This article is in response to Daan’s article “Condone the Drone”. The objective of this response is twofold: first, it aims to promote a critical assessment of statistics and how they are used in political argumentation; second, it aims to re-frame the debate which was presented by the author of the original article. For the purpose of coherence, I suggest that this article is read in tandem with the article which it critiques and the statistics which the targeted article uses. Now that this is cleared up, let us begin.

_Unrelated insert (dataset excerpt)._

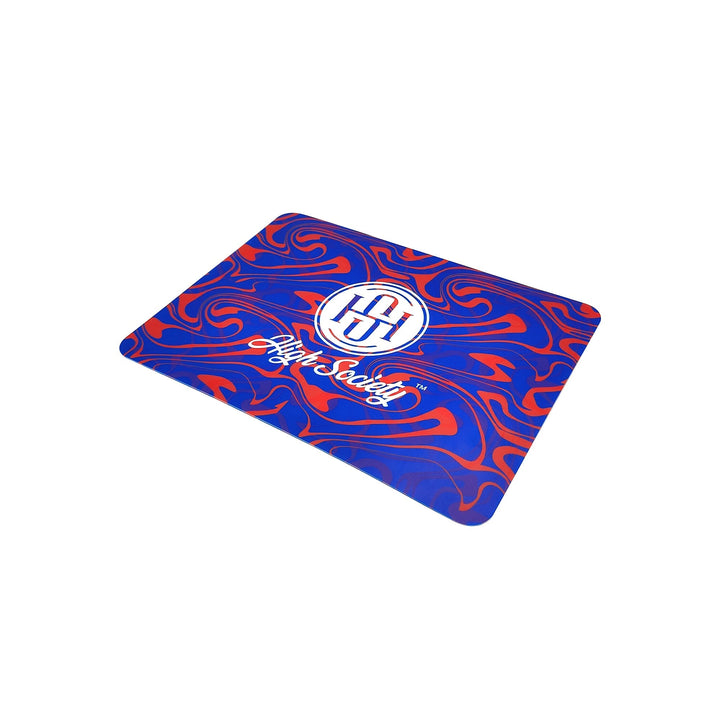 High Society Rectangle Dab Mat - Blurberry - Headshop.com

Seeing as political science is mainly a positive science, based on empirical observation and the comparative analysis of the accumulated data, statistics obviously play a huge part in confirming a central thesis. In political argumentation, the misuse of statistics is widespread: on higher levels, it is due to purposeful instrumentation (most politicians are adept at this type of misuse); on lower (academic) levels, it is usually due to lack of scrutiny in the comparison of statistics.

The Ethics of Statistics Use

In “Condone the Drone!”, the author uses statistics to confirm the validity of his central thesis. Unfortunately, the statistics are misused and end up creating misinformation; this leads the reader to believing in the validity of the author’s central thesis, when in reality, the thesis itself rests un-supported.

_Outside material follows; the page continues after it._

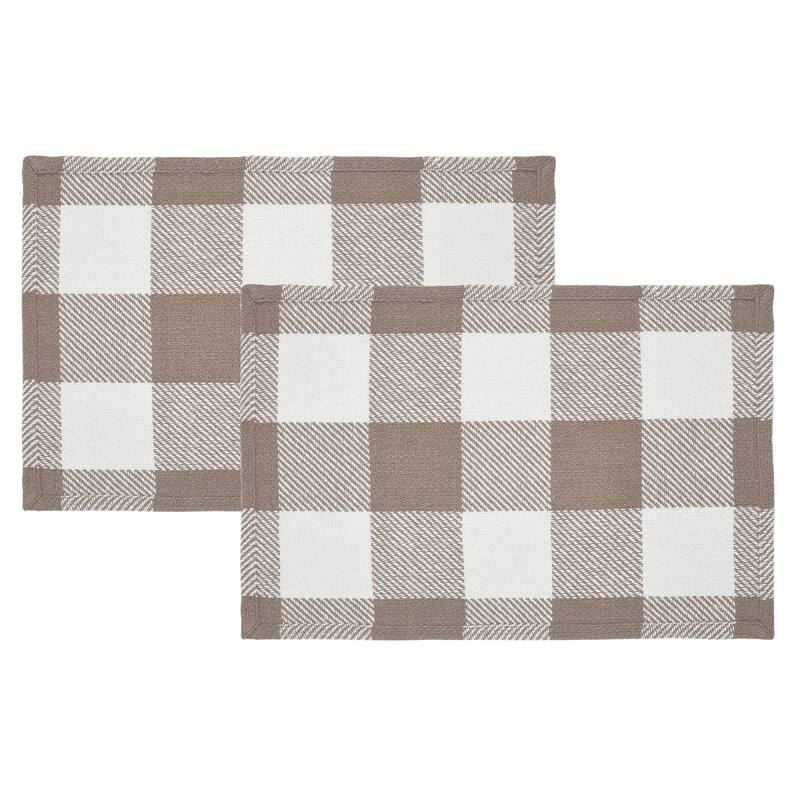 Annie Buffalo Check Placemat Set of 2 13x19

The author commences the article by citing a statistic, presented by Peter Bergen, which is meant to support his thesis and which states that drone-based civilian casualties “ hovers at around 16% and is decreasing further.” The author then quotes another statistic by the Bureau of Investigative Journalism which proves a counterpoint to his thesis (it states that drones are not as safe as Bergen makes them out to be), and he aims to refute it. The Bureau’s article is a critique of the statistical method used by Bergen; it simply proves that Bergen’s statistics employ questionable methodology.

Instead of criticizing the Bureau’s own methodology, the author chooses to refute the Bureau’s statistics with the statistics from a UN study on air-based civilian casualties in Afghanistan. The author shows that the UN statistics report that “…civilian deaths in Afghanistan air strikes fell by 42% in 2012, the same year in which drones became a significant presence in Afghan airspace.”

This is precisely where the author’s method becomes questionable. Here’s why:

First, the UN statistic only states that “…civilian deaths in Afghanistan air strikes fell by 42% in 2012”. It makes no distinction between drone kills and plane kills, as it lumps both into the same number. Without the recorded number of drone kills in Afghanistan, the UN statistics mean nothing.

Seeing as the UN article is the last leg which the author bases his statistical argument on, let me put a few things into perspective. The author says:

“Let us first address the statistics employed by the Bureau for Investigative Journalism; the study by the BIJ argues that collateral damage from drone attacks is high, but contradicts a United Nations study that reports civilian deaths in Afghanistan air strikes fell by 42% in 2012, the same year in which drones became a significant presence in Afghan airspace.

By saying that 2012 was the year where drones “became a significant presence in Afghan airspace”, the author aims to strengthen the almost non-existent correlation found in the UN stats by simply inferring that “more drones + less casualties=proof that drones are safer.” The problem is that the UN article has no mention of “drones becoming a significant presence is Afghan airspace” in its statistics. Seeing as “…drones becoming a significant presence in Afghan airspace.” is a statement which must also be backed by precise data (which cannot be accurately provided, as the number of deployed drones is top secret), his line of reasoning hits a wall.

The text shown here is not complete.